From a technical standpoint, this is arguably the best film when it comes to recreating the attack that led to the USA’s involvement into the Second World War, which is of huge credit to the cinematographers, production designers and visual effects crew that worked on the production, especially the latter who took home the Oscar for 1970’s Best Special Visual Effects.
The cast also boasts a huge ensemble of excellent character actors from both sides of the Pacific, and everyone does an immaculate job. However, framing the film from both sides of the divide without any political bias or racial prejudice does leave the film without any protagonist, or indeed an antagonist, which may have been by design, but makes this entire film more of a docudrama than a rousing war adventure.

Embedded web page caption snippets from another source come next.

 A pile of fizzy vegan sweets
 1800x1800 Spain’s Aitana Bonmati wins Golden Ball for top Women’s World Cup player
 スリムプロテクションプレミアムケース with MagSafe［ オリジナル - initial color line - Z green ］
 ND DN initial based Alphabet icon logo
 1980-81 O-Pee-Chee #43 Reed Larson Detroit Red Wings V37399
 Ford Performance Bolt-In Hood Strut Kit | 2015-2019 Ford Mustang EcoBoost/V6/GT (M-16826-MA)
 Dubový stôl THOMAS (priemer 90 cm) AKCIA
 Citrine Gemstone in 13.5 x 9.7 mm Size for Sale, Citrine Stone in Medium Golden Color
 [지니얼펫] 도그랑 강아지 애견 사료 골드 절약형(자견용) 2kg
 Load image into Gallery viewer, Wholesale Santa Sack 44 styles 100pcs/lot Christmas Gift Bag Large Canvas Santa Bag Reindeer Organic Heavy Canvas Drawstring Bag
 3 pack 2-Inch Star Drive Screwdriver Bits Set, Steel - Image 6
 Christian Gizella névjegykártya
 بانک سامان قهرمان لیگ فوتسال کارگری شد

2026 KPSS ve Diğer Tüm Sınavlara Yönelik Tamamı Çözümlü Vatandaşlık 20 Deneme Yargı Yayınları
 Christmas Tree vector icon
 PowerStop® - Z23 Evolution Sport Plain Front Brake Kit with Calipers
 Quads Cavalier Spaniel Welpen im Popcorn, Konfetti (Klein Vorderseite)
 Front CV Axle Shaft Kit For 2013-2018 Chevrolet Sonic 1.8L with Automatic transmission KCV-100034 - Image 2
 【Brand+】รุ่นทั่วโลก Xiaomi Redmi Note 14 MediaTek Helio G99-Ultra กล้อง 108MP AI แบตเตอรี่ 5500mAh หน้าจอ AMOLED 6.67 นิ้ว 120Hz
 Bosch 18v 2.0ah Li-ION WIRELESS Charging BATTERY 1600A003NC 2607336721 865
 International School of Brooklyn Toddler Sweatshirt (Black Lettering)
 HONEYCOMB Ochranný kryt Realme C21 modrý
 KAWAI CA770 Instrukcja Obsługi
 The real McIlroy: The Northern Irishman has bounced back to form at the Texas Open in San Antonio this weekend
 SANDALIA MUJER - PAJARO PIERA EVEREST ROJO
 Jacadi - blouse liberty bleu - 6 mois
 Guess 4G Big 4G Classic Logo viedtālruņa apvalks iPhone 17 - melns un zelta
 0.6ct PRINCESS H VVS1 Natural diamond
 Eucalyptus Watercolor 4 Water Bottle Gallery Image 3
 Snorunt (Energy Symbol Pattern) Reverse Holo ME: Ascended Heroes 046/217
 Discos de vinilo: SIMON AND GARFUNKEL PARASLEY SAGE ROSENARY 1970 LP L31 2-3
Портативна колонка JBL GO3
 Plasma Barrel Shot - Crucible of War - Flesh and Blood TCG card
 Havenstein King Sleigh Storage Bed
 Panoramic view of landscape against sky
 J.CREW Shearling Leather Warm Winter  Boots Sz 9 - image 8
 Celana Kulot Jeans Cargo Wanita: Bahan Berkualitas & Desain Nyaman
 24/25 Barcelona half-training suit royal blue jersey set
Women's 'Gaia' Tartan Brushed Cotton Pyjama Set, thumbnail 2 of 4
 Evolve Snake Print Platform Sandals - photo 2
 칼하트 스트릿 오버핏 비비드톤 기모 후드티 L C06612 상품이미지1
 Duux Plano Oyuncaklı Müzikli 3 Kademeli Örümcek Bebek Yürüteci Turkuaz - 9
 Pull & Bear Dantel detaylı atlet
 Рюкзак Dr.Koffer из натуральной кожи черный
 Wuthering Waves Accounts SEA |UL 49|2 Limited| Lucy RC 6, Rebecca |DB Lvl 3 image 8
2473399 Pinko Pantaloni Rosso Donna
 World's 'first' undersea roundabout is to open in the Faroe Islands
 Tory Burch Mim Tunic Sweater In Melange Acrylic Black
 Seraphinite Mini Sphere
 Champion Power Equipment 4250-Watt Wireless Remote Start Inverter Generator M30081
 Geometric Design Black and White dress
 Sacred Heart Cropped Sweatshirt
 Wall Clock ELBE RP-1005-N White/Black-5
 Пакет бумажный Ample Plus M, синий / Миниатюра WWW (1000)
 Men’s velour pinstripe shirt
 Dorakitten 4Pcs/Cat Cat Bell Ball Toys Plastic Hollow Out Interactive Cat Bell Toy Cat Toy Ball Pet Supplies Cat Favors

Nevertheless, it’s a great deal better than what Michael Bay did with 2001’s Pearl Harbor, though I’d still consider 1953’s From Here To Eternity as the best film to feature the same historic event as its backdrop.
Akira Kurosawa did some uncredited work on both the screenplay and direction of the Japanese sequences, which make up the better part of the movie in both style and substance.
An iconic war movie from the early 70s and the 144 minute running time absolutely flies by.